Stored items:
Start of Block
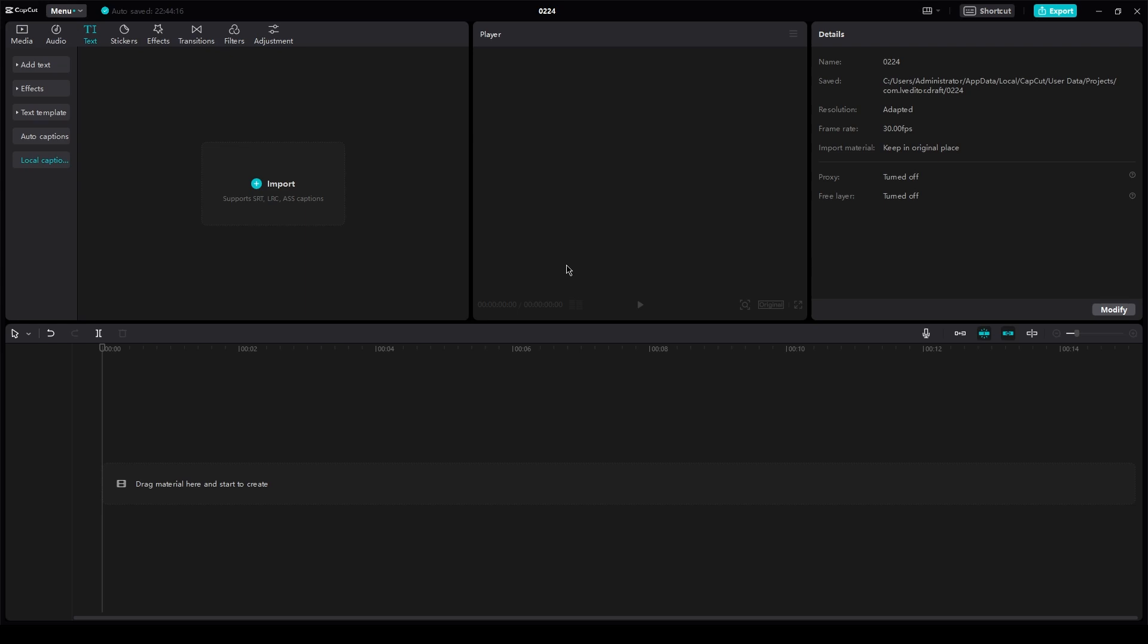In this video, I'm going to be showing you how you can basically translate texts in CapCut PC. It's the easiest thing ever and it's going to be very quick and very easy.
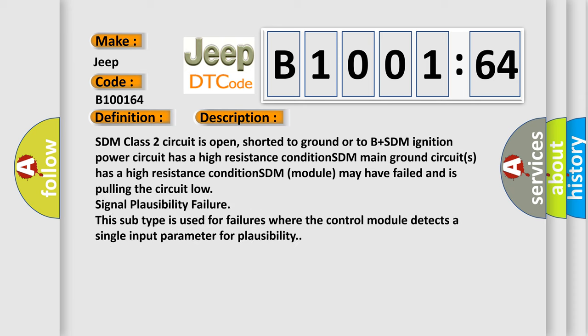SDM class 2 circuit is open, shorted to ground or to B plus. SDM ignition power circuit has a high resistance condition. SDM main ground circuits have a high resistance condition. SDM module may have failed and is pulling the circuit low signal plausibility failure. This subtype is used for failures where the control module detects a single input parameter for plausibility.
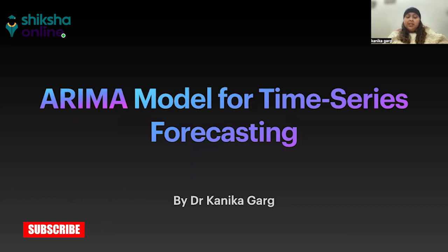My name is Kanika Gharg and I've been working in artificial intelligence, machine learning, and data science for the past eight years.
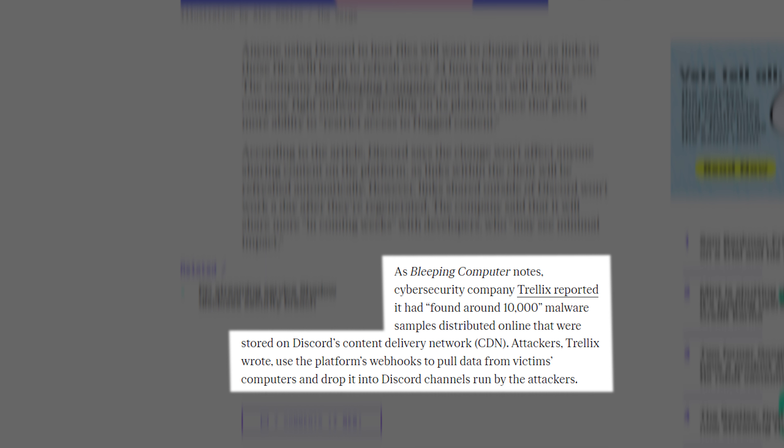As Bleeping Computer notes, cybersecurity company Trellix reported it had found around 10,000 malware samples distributed online that were stored on Discord's content delivery network, CDN. Attackers, Trellix wrote, use the platform's webhooks to pull data from victims' computers and drop it into Discord channels run by the attackers.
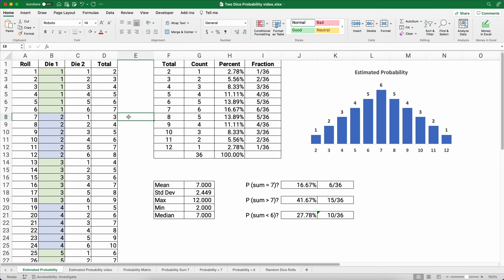Hello and welcome. Today we're working on: if we have two dice and we roll them repeatedly, what is the probability we'll get a seven, or less than six, and so on. My name is Jeff from Finally Learn, where I help you finally learn financial literacy and I build Excel problems.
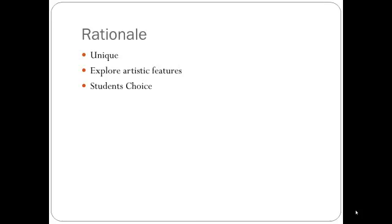This class is very unique as there are not many classes that teach vandalism. But that's not what this class is about. It's about exploring the artistic and profitable portions of graffiti.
End of Block
**Assigned task:**
Quote the entries above word for word. Leave the images out.

**Answer below:**
In this video, I'm going to be showing you how you can basically translate texts in CapCut PC. It's the easiest thing ever and it's going to be very quick and very easy.
SDM class 2 circuit is open, shorted to ground or to B plus. SDM ignition power circuit has a high resistance condition. SDM main ground circuits have a high resistance condition. SDM module may have failed and is pulling the circuit low signal plausibility failure. This subtype is used for failures where the control module detects a single input parameter for plausibility.
My name is Kanika Gharg and I've been working in artificial intelligence, machine learning, and data science for the past eight years.
As Bleeping Computer notes, cybersecurity company Trellix reported it had found around 10,000 malware samples distributed online that were stored on Discord's content delivery network, CDN. Attackers, Trellix wrote, use the platform's webhooks to pull data from victims' computers and drop it into Discord channels run by the attackers.
Hello and welcome. Today we're working on: if we have two dice and we roll them repeatedly, what is the probability we'll get a seven, or less than six, and so on. My name is Jeff from Finally Learn, where I help you finally learn financial literacy and I build Excel problems.
This class is very unique as there are not many classes that teach vandalism. But that's not what this class is about. It's about exploring the artistic and profitable portions of graffiti.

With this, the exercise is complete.